Co-maximal Hypergraph on Dn
Sachin Ballal, Ardra A N
TL;DR
The paper studies the co-maximal hypergraph $Co_{\\mathcal{H}}(D_n)$ of the dihedral group, deriving its structural properties such as diameter, girth, and chromatic number, and characterizing when it forms hypertrees or star hypergraphs and when it is 3-uniform. It classifies vertices into Type (1) and Type (2) subgroups, identifies exact conditions for vertex inclusion, and proves the universal bound $\\mathrm{diam}(Co_{\\mathcal{H}}(D_n))\\le 3$ with connectivity.
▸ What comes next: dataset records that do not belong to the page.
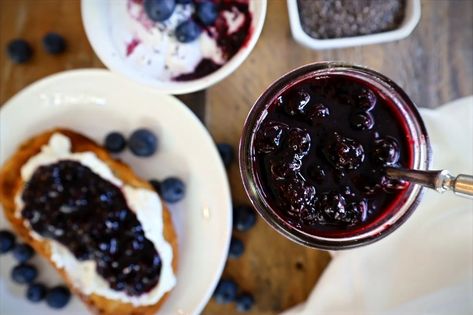 Aronia Berry Jam, Blueberry Chia Jam, Aronia Berry, Aronia Berries, Chia Jam, Berry Jam, Vegan Paleo, Gluten Free Vegetarian, Blueberries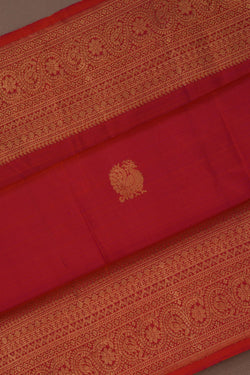 Image of South Silk Fuchsia Pink Saree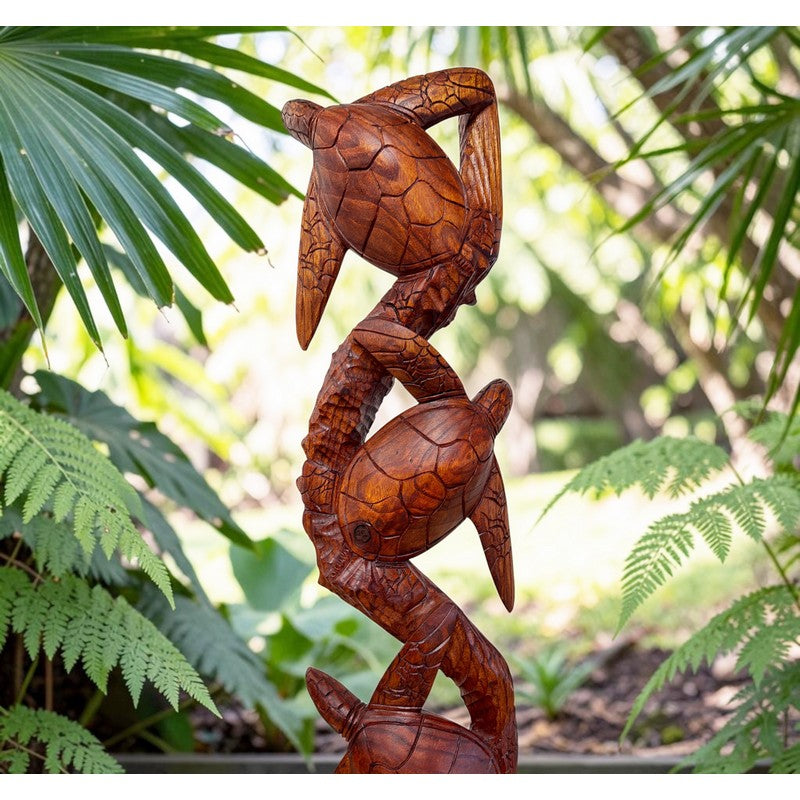 Standing Three Hawaiian Sea Turtle 40 " 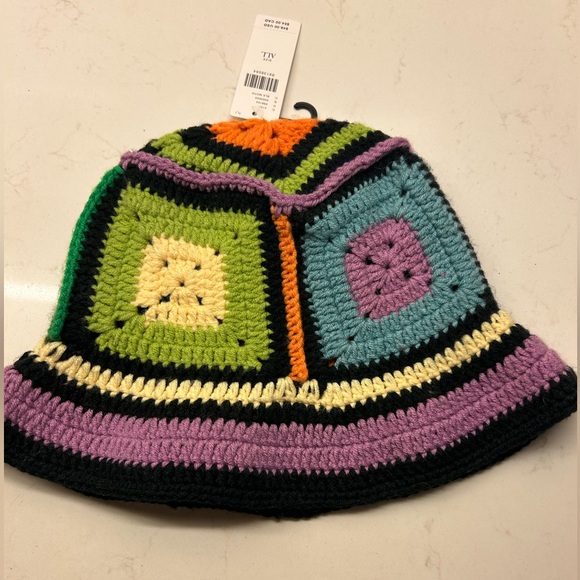 Anthropologie Accessories - Anthropologie Multicolor Crochet Hat
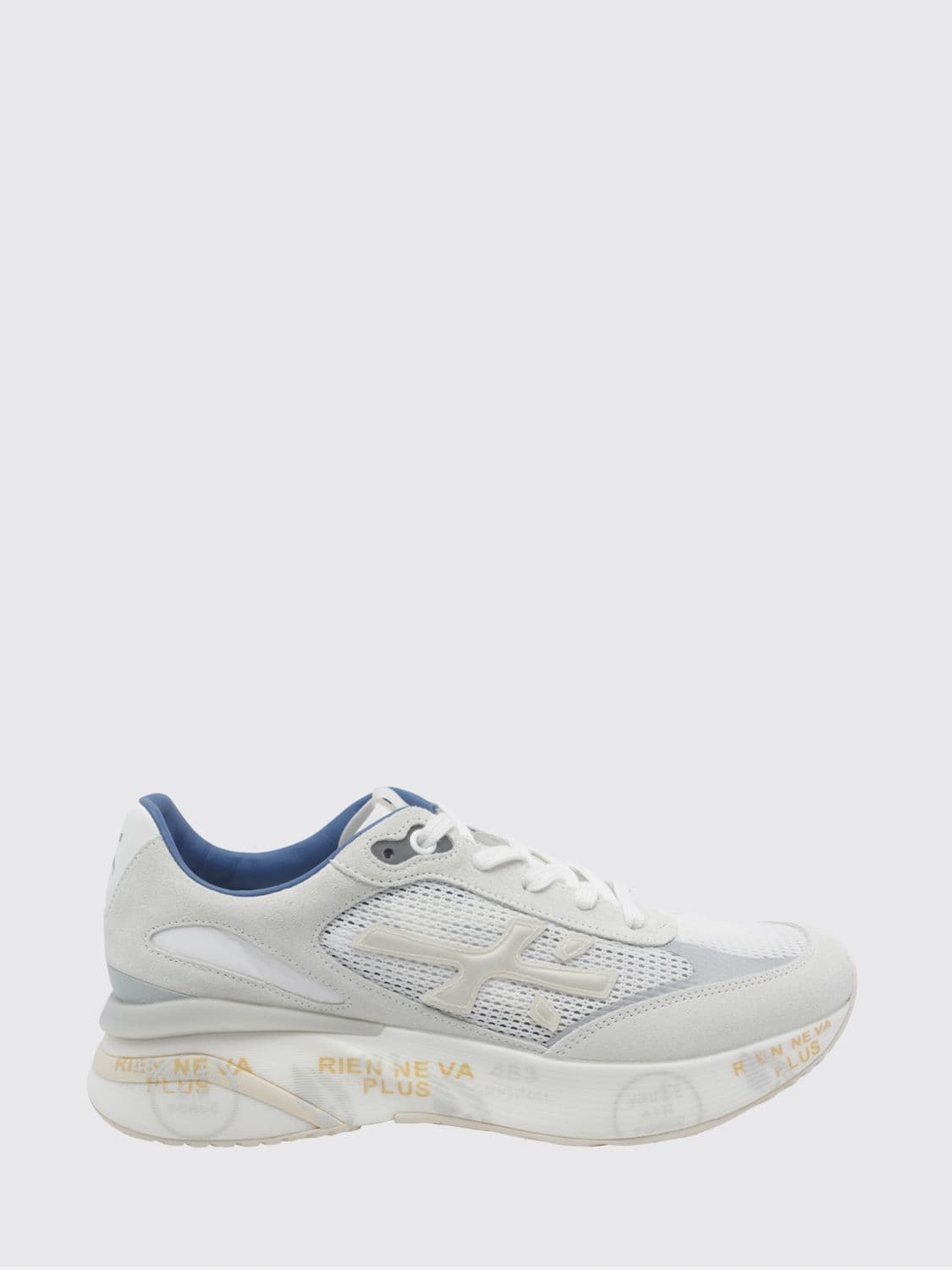 Premiata Moerund Suede and Nylon Sneakers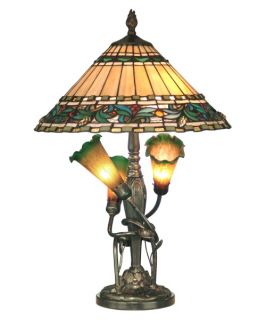 Dale Tiffany Triple Lily Tiffany Table Lamp   Table Lamps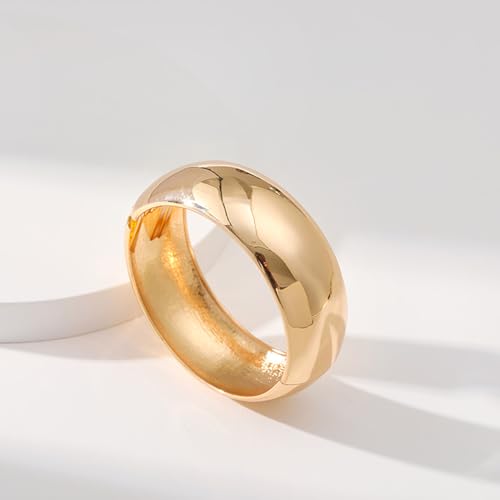 YMBYCM Gold Chunky Bangle Bracelets for Women Trendy Wide Chunky Cuff Bracelets Wrap Bracelet - style: G-G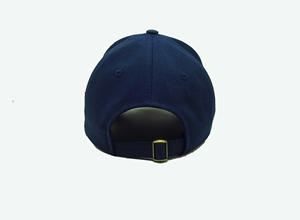 หมวกเบสบอลมีโครงสร้าง6แผงสีกรมปักลายตัวอักษรออกแบบโลโก้ได้ตามต้องการแบบสปอร์ตสินค้ามาใหม่100% - Product Image 5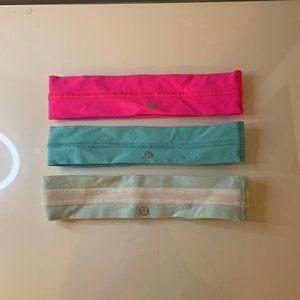 Lululemon Women’s Headbands (3) Bundle One Size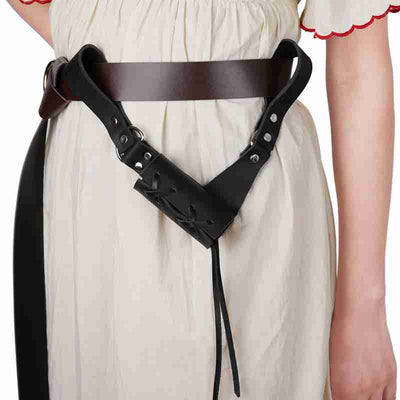 Cinturón Medieval Crusader con Espada Colgante en Cuero PU - Image 10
It then investigates planar, toroidal, and projective embeddings via incidence graphs, establishing planarity only for prime-power $n$, and toroidal/projective embeddability criteria with concrete obstructions (e.g., $K_{3,3}$ subdivisions) and explicit constructions, including the case $n=6$. The results highlight notable differences from the co-maximal graph and enrich the understanding of hypergraph structures arising from group theory and surface embeddings.
Abstract
Let $G$ be a group and $S$ be the set of all non-trivial proper subgroups of $G$. \textit{The co-maximal hypergraph of $G$}, denoted by $Co_\mathcal{H}(G)$, is a hypergraph whose vertex set is $\{H \in S \,\, | \,\, H K = G \,\, \text{for some} \, K \in S \}$ and hyperedges are the maximal subsets of the vertex set with the property that the product of any two vertices is equal to $G$. The aim of this paper is to study the co-maximal hypergraph of dihedral groups, $Co_\mathcal{H}(D_n)$. We examine some of the structural properties, viz., diameter, girth and chromatic number of $Co_\mathcal{H}(D_n)$. Also, we provide characterizations for hypertrees, star structures and 3-uniform hypergraphs of $Co_\mathcal{H}(D_n)$. Further, we discuss the possibilities of $Co_\mathcal{H}(D_n)$ which can be embedded on the plane, torus and projective plane.